Eu pensei muita coisa enquanto caminhava para casa, de volta da minha aula sobre poesia. Eu pensei no movimento sindical e pensei na entidade de autogestão em saúde dos trabalhadores do Banco do Brasil. Quando tento achar algo de útil que tenha feito na vida social, para a sociedade e para as pessoas, acho que poderia dizer que o período em que servi aos meus colegas de profissão, os bancários, pode ter sido o período em que tenha feito algo de bom para a coletividade. Mesmo assim, é complicado afirmar isso, eu sei, porque não existe reconhecimento coletivo algum e nem gratidão nas lutas sindicais; era o que me diziam os mais velhos do movimento; os trabalhadores não têm memória e uma vida de dedicação não vale quase nada além do momento presente que os trabalhadores enfrentam. Pode ser isso mesmo, mas o fato é que me dediquei de corpo e alma, com ética e disciplina, por mais de uma década, às lutas dos bancários do Banco do Brasil, entre 2002 e 2014; e, para terminar uma vida de representação, fui ser dirigente eleito de uma entidade de saúde por 4 anos. Nossa, eu juro a vocês que nunca me esforcei tanto para fazer algo tão complexo e com o melhor de minha inteligência e energia quanto foi defender os direitos em saúde dos colegas do banco, além de defender uma entidade apaixonante e um modelo de saúde revolucionário. Quando saí em 2018, já previa que a vida seria completamente diferente dali adiante, por diversos motivos. E foi mesmo. Tudo mudou. Mas essa é outra história, não é para o momento.
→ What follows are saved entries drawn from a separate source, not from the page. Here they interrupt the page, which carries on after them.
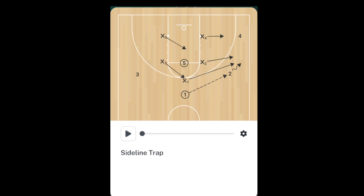Hey team! We're gonna review our 1-2-2 defense. Here's the setup. We've got our point guard above the three point key, the arc.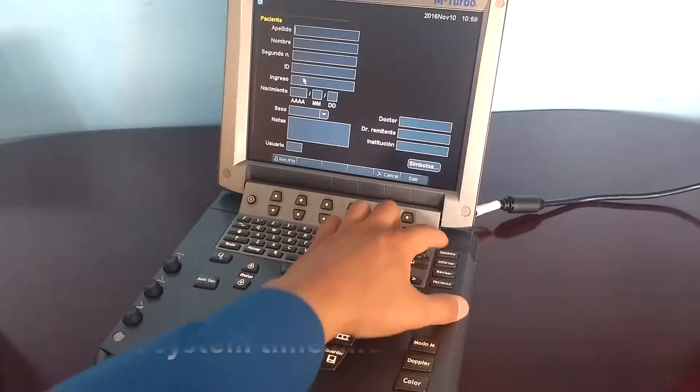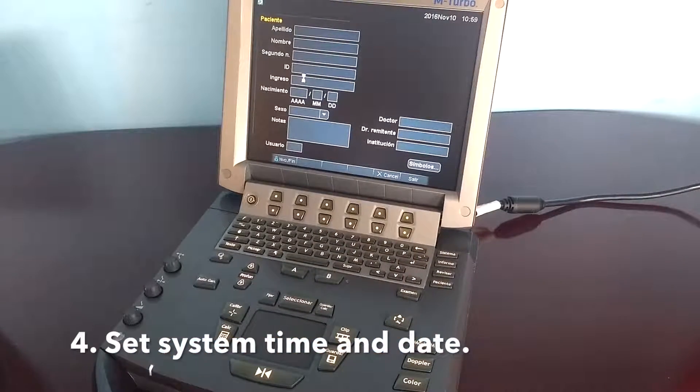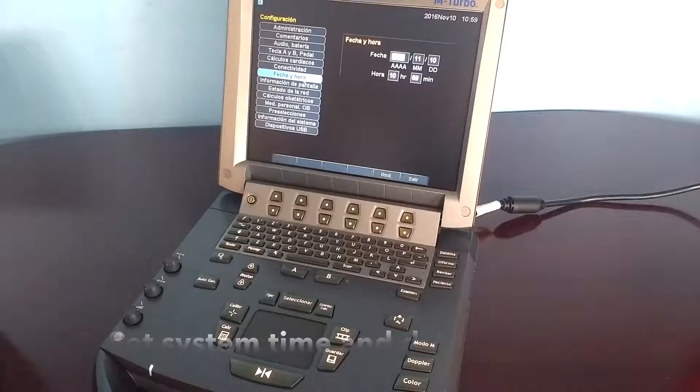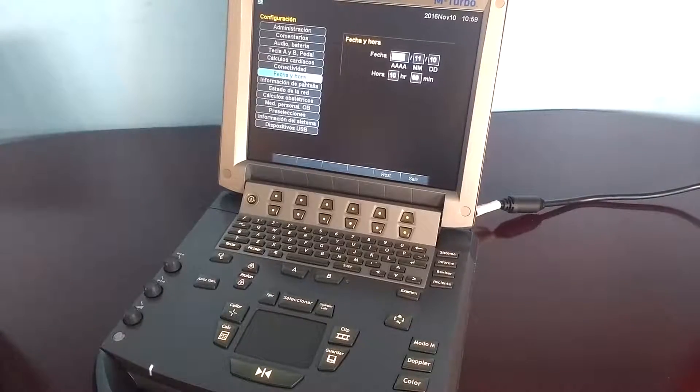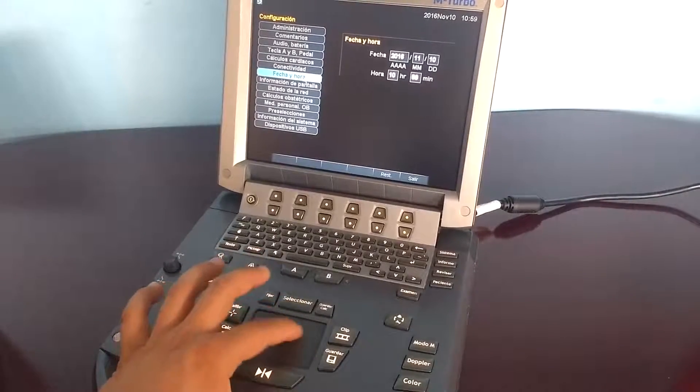Check the system time and date by pressing the system key and clicking on time and date.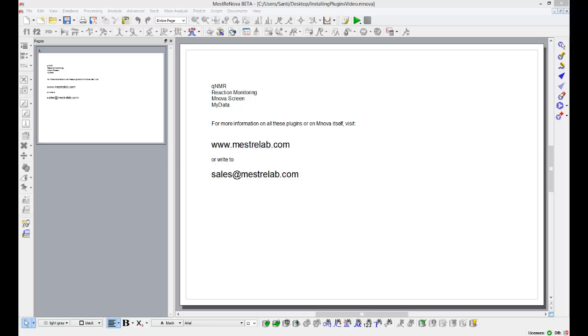Hi everyone, this is Santi Dominguez. Today I want to talk to you about adding new plugins to your MestreNova distribution.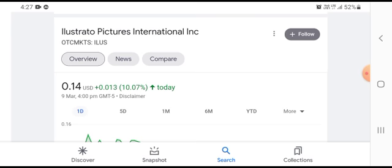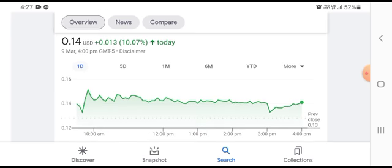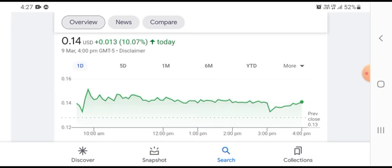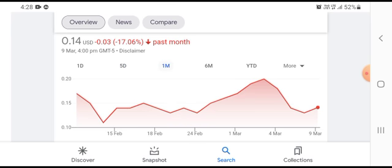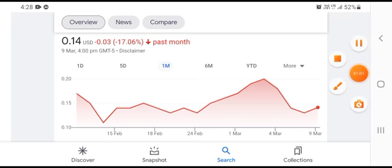So we can easily see that the stock was trading at 0.14 US dollars, up 0.013 US dollars, growing with 10.07 percent positive gain. In five days time frame the stock was trading at 0.06 US dollars with 29 percent negative loss. In one month time frame the stock was trading at 0.03 US dollars with 17.06 percent negative loss.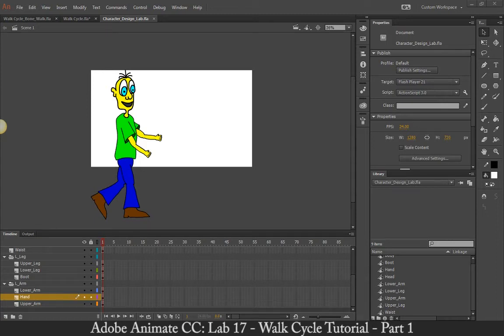Okay, so in this lab, what we're going to be doing is we're going to create a rig for this character.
Estou me esforçando para encontrar um sentido, senão da vida que vivi, que passei junto com uma categoria profissional ao longo de quase três décadas de bancário, em um mundo que agora desmorona com o Brasil tomado por uma demência coletiva, ao menos um sentido para estar estudando aos 50 anos de idade para completar uma grade curricular de um curso de Letras. Mas o sentido não vem fácil, não. Eu aprendi as matérias de exatas para galgar uma profissão e uma vida melhor quando fiz Contábeis. Aprendi as áreas médicas e biológicas quando fiz dois anos de Educação Física, pois queria mudar de vida, de condição de subsistência. Queria ser professor. Aprendi tudo que pude sobre o movimento sindical, sobre a organização das lutas da classe trabalhadora, sobre os direitos e as instituições dos trabalhadores. E usei o conhecimento para fazer mandatos combativos e contribuir para conquistas da classe e para resistir aos ataques do capital. Depois aprendi sobre gestão em saúde; para mim, foi o melhor trabalho de representação que fiz, pois além de político era técnico. E confesso que da forma como tudo terminou deixou-me um amargo na boca, pois sofri perseguição e assédio moral internamente, e o mandato não teve o reconhecimento dos associados e dos grupos para os quais atuamos. Sendo assim, qual o sentido da birra em concluir umas matérias na Letras? Colar grau em duas habilitações, pra quê?
Me alonguei demais nessa reflexão. Mas meu tempo agora é só para isso, não estou em nenhuma frente de batalha como estive por tanto tempo. É isso.